My point is not so much that nobody needs management skills, it's that not everybody needs management skills. Let me decide whether or not I will need those skills for myself. Perhaps I already have some management skills from an undergraduate education, or perhaps I simply have a natural talent for it. If I think that I need management skills, I will learn them - I have plenty of opportunities to take such courses or seminars, if I want. I'm an adult, you don't have to force me to do something because I might need it later, just tell me the facts and I will decide for myself.

But if I think that it would be a better use of my time to do something else, like collaborate with a researcher at another university on a new problem, let me decide that. I hope that whatever job I apply for decides whether or not to hire me based on my specific skill set.

I guess what I'm trying to say is this: a PhD is not (or should not be) a certificate declaring you qualified for a job. Not for an academic job, nor an industry job, nor any other job. It is a certificate declaring that I am very knowledgeable in a specific subject, and that people better and wiser than me believe that I can do meaningful research in the future.

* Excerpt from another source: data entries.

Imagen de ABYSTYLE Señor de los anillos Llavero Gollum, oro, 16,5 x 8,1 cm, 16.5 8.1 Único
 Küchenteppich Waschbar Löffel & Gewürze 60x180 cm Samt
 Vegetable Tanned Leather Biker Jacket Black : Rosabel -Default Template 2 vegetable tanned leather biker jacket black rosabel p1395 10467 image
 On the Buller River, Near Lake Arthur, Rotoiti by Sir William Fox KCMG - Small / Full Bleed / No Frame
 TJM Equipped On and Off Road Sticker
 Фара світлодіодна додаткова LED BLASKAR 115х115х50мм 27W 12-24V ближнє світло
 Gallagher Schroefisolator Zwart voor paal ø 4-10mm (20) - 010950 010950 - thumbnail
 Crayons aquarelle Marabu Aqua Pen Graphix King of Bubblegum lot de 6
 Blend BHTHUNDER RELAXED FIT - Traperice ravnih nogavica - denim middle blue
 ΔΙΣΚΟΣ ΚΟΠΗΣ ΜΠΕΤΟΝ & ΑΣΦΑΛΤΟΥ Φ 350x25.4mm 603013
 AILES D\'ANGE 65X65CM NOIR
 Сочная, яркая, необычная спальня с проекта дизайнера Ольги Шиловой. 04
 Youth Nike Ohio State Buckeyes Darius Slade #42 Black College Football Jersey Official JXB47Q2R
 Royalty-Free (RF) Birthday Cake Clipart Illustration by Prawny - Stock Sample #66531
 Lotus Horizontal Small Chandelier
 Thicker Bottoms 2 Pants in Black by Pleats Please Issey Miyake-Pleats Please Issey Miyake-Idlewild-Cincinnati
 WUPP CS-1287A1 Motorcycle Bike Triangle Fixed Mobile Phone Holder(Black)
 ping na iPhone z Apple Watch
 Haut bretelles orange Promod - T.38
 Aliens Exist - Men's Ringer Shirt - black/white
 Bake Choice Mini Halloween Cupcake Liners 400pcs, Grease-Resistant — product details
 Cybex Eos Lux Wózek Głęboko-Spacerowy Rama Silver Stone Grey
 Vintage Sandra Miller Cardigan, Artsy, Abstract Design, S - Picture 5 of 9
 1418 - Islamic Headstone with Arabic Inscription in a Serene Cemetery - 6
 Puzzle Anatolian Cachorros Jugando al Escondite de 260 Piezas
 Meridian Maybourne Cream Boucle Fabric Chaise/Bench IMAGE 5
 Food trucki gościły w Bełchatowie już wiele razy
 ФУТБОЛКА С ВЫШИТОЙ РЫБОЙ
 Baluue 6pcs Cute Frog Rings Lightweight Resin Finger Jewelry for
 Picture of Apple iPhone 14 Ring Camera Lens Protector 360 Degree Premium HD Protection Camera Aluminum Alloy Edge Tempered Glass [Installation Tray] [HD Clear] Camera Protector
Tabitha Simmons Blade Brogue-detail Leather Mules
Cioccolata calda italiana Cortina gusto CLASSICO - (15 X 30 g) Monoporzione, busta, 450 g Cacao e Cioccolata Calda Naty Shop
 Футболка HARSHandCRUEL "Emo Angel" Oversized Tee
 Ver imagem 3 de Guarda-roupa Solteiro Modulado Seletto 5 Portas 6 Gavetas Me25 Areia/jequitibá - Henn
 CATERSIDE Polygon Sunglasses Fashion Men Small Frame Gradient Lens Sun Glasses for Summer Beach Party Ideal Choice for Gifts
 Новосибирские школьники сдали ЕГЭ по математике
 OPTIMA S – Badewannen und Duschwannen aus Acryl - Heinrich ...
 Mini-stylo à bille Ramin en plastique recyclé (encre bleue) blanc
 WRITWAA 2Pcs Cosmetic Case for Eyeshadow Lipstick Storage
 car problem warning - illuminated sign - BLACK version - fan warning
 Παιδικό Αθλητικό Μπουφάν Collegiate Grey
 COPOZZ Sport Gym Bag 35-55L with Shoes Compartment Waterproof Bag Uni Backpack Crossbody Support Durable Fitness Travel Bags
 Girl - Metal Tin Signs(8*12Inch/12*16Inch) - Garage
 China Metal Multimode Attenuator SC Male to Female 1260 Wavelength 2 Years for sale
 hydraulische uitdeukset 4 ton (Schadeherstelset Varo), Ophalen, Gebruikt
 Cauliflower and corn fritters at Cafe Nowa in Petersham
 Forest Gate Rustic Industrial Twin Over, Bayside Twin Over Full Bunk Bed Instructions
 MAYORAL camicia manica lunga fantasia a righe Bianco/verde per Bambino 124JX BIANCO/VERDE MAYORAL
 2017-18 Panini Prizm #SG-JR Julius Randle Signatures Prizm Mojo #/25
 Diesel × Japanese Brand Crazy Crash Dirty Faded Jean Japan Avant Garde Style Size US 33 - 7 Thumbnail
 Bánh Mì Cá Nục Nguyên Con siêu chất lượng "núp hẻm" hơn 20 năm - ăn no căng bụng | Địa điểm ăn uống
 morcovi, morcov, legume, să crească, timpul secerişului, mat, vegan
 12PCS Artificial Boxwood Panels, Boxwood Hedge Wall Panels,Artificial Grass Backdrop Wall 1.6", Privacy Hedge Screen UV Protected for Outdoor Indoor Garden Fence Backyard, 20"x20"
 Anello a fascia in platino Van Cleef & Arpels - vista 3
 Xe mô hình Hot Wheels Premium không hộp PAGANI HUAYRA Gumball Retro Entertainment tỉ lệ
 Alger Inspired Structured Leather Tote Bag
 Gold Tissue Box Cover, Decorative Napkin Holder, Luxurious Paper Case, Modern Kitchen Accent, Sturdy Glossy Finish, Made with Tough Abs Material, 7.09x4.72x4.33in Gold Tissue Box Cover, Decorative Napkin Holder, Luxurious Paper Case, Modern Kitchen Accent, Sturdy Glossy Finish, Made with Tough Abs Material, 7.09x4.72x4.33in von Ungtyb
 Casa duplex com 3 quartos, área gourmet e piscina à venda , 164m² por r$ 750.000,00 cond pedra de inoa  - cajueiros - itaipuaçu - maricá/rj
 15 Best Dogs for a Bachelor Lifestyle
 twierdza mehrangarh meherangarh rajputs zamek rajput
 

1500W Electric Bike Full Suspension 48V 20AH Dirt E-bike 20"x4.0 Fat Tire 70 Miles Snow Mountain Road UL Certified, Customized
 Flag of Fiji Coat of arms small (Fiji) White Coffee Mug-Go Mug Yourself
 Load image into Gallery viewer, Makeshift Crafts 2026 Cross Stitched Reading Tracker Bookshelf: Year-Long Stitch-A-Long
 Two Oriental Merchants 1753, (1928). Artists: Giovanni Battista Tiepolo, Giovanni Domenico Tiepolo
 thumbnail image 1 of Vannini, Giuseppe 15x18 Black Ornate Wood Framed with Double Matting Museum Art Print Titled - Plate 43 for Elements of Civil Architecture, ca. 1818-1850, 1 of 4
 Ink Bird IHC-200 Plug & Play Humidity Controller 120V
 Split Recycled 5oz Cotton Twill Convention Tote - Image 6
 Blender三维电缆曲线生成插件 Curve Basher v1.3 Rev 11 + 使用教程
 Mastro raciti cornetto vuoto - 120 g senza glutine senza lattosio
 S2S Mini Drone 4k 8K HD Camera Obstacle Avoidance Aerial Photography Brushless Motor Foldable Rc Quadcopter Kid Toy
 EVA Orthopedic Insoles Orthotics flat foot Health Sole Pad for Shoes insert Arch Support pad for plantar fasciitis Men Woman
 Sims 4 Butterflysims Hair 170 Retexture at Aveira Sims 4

If I want to show people that I have other job skills, I must show them some other way. A PhD only verifies the above, it doesn't verify that I am a good teacher, a good manager, a good communicator, a friendly guy, or that I am in any other way competent. If a job wants skills that I don't have, they shouldn't hire me.

For your other point, I totally agree that this attitude keeps the salaries low. Unfortunately I don't know what should be done about it. Either we can lie, and pretend that we only enjoy our research to the extent that it pays the bills, and otherwise do not enjoy it, or we can actually try to stop enjoying our work. Either seems silly. You can't hide what you love, and if other people try to take advantage of the fact, well, so be it. In fact, I can understand the counter-argument: just because work is important, doesn't mean we should pay people more than the bare minimum they will accept. It's not fair, and it isn't right, but it is rather true.